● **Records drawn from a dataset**
#####

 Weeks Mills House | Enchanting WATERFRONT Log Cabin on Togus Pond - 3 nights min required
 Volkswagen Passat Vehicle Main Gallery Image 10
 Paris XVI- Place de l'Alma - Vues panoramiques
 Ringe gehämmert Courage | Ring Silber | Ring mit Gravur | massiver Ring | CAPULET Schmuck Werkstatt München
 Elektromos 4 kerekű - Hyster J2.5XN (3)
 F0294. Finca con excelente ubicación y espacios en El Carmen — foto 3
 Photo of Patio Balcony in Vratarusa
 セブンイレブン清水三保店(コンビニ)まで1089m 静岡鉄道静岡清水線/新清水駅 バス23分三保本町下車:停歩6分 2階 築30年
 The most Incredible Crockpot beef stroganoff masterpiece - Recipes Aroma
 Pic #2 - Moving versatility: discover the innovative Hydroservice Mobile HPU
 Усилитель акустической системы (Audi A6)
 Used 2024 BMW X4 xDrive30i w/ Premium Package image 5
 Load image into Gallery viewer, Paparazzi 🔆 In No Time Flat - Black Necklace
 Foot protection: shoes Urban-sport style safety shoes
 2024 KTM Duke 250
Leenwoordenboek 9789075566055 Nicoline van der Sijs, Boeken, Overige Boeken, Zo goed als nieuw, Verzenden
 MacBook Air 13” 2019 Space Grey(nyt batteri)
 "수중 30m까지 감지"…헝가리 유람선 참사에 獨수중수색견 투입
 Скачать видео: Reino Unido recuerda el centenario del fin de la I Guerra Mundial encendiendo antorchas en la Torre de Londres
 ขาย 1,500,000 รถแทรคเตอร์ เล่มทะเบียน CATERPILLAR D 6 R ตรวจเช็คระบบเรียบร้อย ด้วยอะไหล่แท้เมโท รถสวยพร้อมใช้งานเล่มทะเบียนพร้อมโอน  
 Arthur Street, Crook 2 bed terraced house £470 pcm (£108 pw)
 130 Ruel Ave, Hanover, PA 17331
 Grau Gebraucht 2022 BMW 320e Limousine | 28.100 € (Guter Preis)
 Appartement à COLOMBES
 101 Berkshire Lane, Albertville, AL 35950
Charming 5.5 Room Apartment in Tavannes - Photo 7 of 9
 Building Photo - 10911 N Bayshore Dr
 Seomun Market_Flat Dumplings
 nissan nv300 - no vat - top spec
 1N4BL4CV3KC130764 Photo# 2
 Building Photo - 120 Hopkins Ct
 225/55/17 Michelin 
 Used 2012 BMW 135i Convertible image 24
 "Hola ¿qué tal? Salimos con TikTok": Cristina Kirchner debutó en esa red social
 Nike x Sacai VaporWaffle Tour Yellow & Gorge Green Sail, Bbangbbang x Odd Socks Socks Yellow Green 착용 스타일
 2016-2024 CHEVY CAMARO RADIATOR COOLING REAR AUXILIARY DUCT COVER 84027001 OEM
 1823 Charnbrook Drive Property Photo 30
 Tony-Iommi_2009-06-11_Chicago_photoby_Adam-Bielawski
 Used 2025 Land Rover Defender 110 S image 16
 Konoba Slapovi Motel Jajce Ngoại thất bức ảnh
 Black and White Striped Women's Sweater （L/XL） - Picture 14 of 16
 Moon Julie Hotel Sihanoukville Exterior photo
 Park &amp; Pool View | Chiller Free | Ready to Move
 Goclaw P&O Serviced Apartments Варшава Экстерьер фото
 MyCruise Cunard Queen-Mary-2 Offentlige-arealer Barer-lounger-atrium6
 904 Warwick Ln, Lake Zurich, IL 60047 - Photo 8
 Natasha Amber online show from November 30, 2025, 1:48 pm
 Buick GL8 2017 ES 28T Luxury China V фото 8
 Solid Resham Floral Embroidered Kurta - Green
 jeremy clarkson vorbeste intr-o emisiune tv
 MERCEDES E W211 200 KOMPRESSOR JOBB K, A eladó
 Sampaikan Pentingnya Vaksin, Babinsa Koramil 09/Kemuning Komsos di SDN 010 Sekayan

#####

● **DIRECTIONS FOR THIS TASK**
Look through the entries above. Copy each line in which the string "Green" occurs.

● **OUTPUT**
 Nike x Sacai VaporWaffle Tour Yellow & Gorge Green Sail, Bbangbbang x Odd Socks Socks Yellow Green 착용 스타일
 Solid Resham Floral Embroidered Kurta - Green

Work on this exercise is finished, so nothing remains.